# Goal of the exercise:
In the entries below, find the line with "2D Structure of" and the line with "Dhaari Hand Painted"; reproduce those two lines and all lines between them exactly, without pictures.

# Given information:
==============================

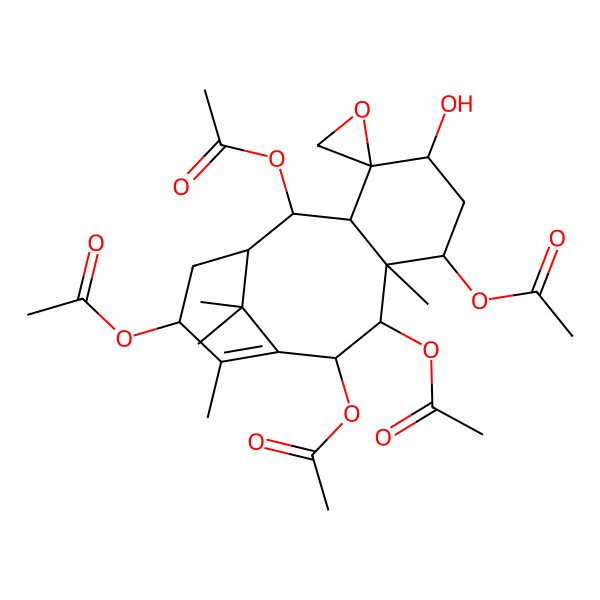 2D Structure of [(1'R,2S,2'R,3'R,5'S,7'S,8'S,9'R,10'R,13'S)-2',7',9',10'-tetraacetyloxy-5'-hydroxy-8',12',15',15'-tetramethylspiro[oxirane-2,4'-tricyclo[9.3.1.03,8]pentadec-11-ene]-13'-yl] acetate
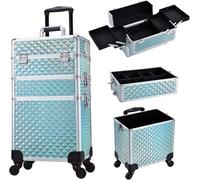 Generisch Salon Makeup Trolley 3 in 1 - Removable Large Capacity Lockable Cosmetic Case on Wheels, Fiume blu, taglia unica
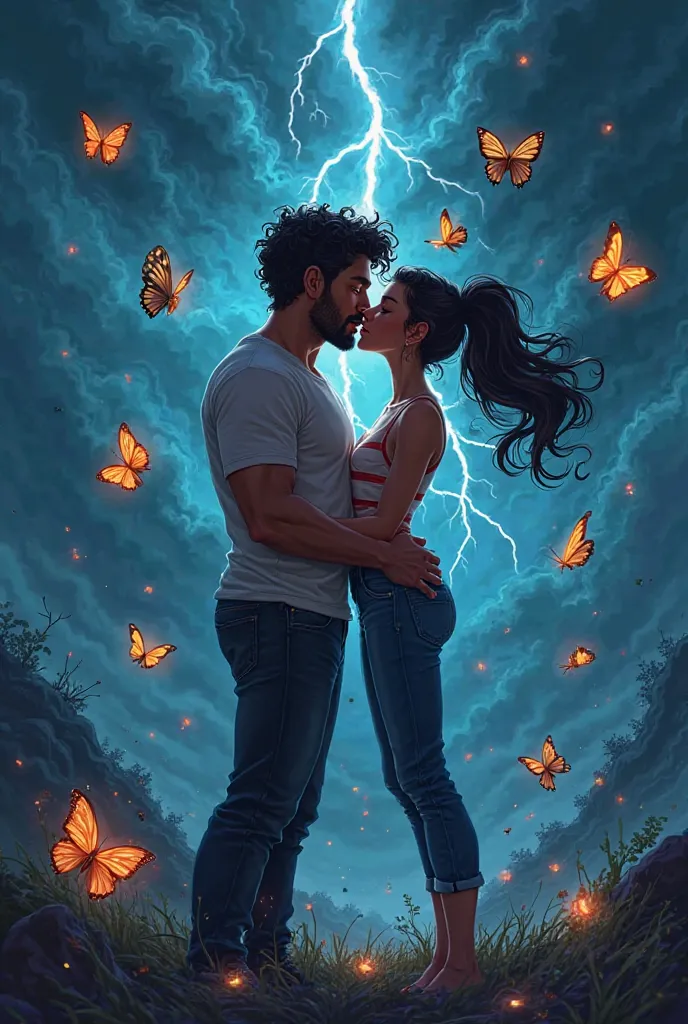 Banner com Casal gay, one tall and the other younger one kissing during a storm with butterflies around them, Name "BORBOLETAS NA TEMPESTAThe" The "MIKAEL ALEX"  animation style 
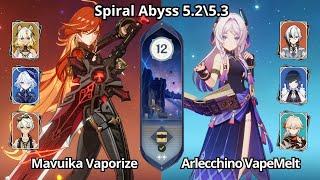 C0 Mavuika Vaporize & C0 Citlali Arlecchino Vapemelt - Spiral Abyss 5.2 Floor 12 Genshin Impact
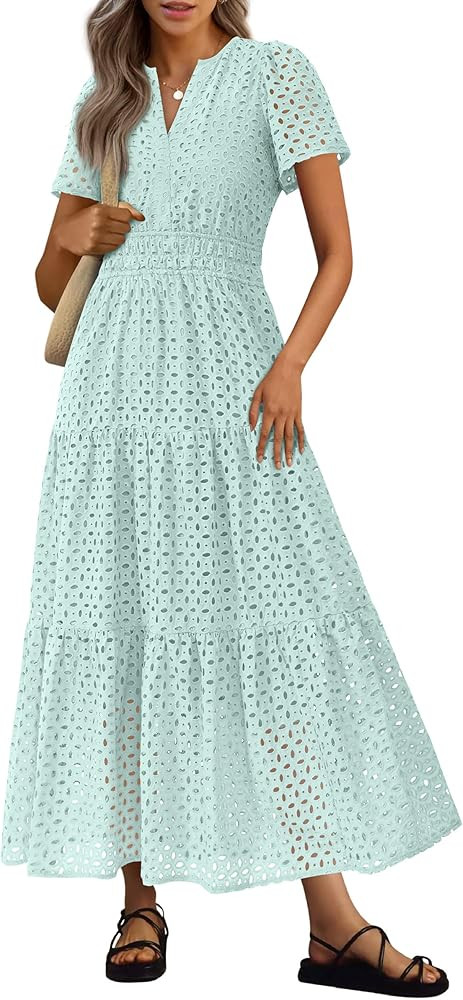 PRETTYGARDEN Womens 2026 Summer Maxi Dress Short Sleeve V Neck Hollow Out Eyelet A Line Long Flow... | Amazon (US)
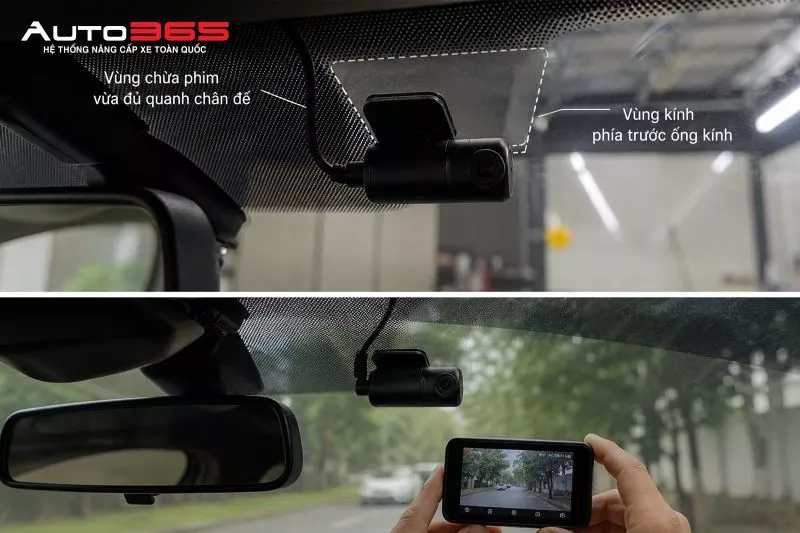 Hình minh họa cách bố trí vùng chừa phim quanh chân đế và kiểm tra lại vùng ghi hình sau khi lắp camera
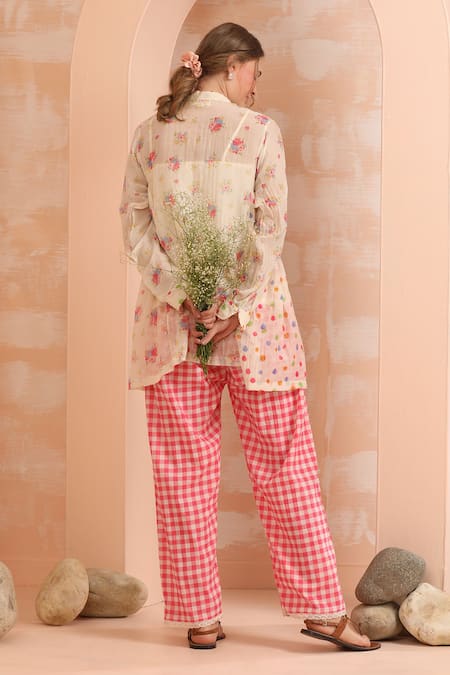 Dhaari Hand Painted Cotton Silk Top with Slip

==============================

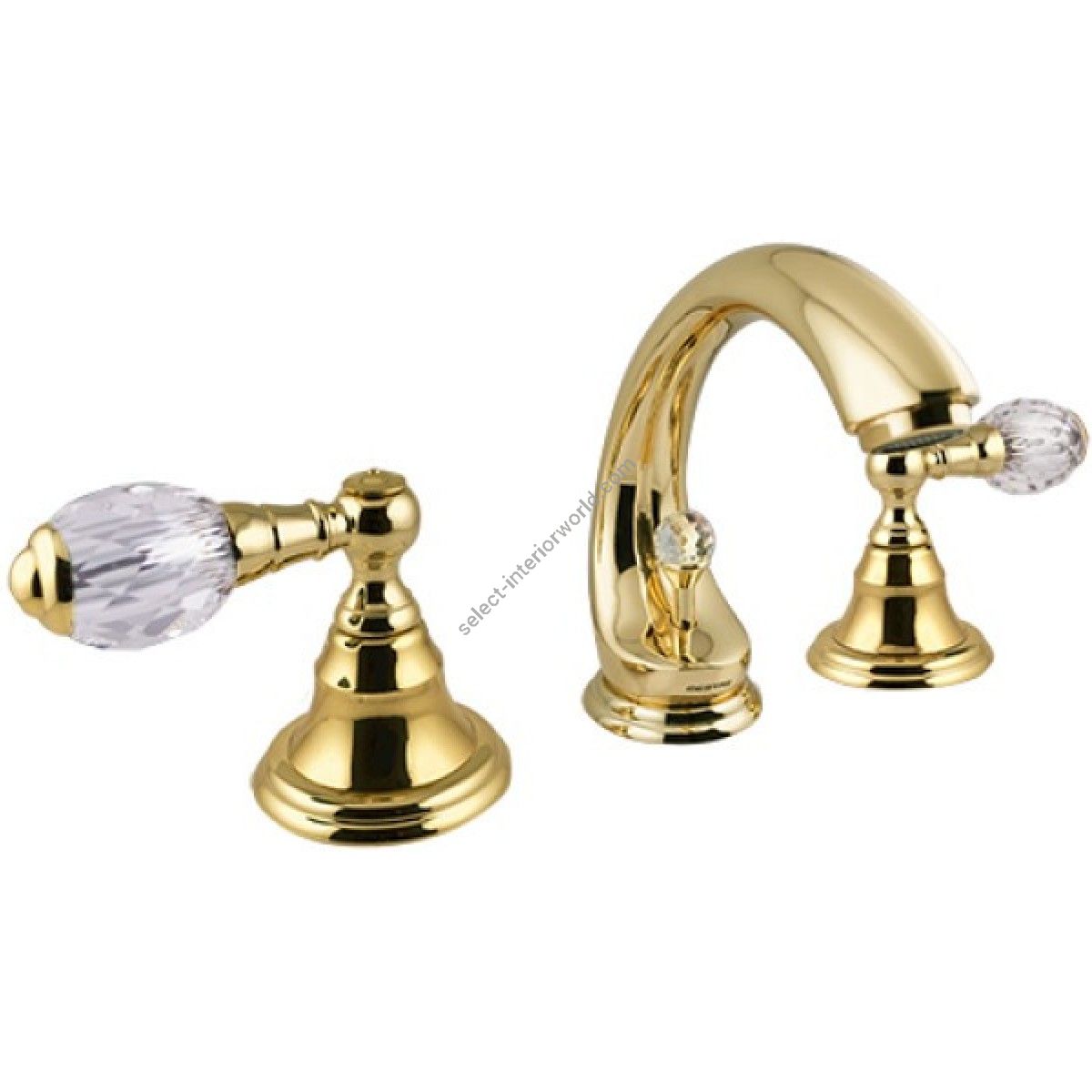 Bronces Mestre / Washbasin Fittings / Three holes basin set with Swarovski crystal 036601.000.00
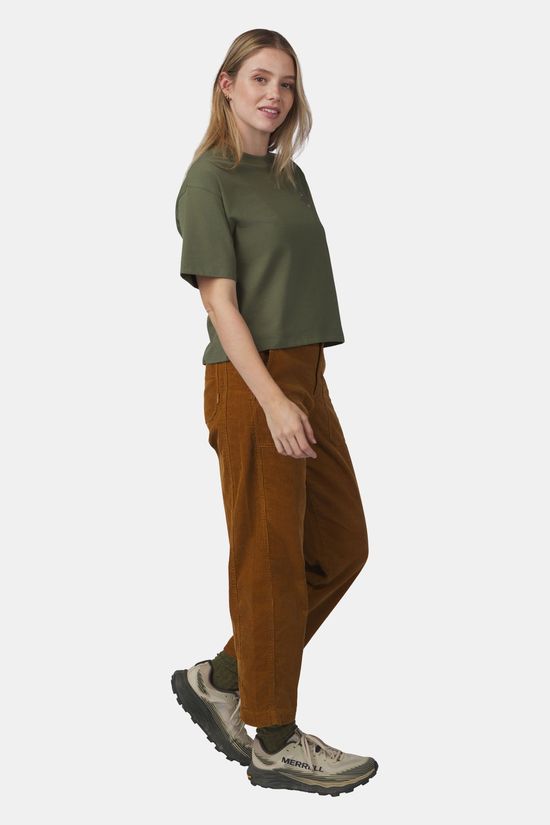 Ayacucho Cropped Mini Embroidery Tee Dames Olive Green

==============================

# Exercise response:
 2D Structure of [(1'R,2S,2'R,3'R,5'S,7'S,8'S,9'R,10'R,13'S)-2',7',9',10'-tetraacetyloxy-5'-hydroxy-8',12',15',15'-tetramethylspiro[oxirane-2,4'-tricyclo[9.3.1.03,8]pentadec-11-ene]-13'-yl] acetate
 Generisch Salon Makeup Trolley 3 in 1 - Removable Large Capacity Lockable Cosmetic Case on Wheels, Fiume blu, taglia unica
 Banner com Casal gay, one tall and the other younger one kissing during a storm with butterflies around them, Name "BORBOLETAS NA TEMPESTAThe" The "MIKAEL ALEX"  animation style 
 C0 Mavuika Vaporize & C0 Citlali Arlecchino Vapemelt - Spiral Abyss 5.2 Floor 12 Genshin Impact
 PRETTYGARDEN Womens 2026 Summer Maxi Dress Short Sleeve V Neck Hollow Out Eyelet A Line Long Flow... | Amazon (US)
 Hình minh họa cách bố trí vùng chừa phim quanh chân đế và kiểm tra lại vùng ghi hình sau khi lắp camera
 Dhaari Hand Painted Cotton Silk Top with Slip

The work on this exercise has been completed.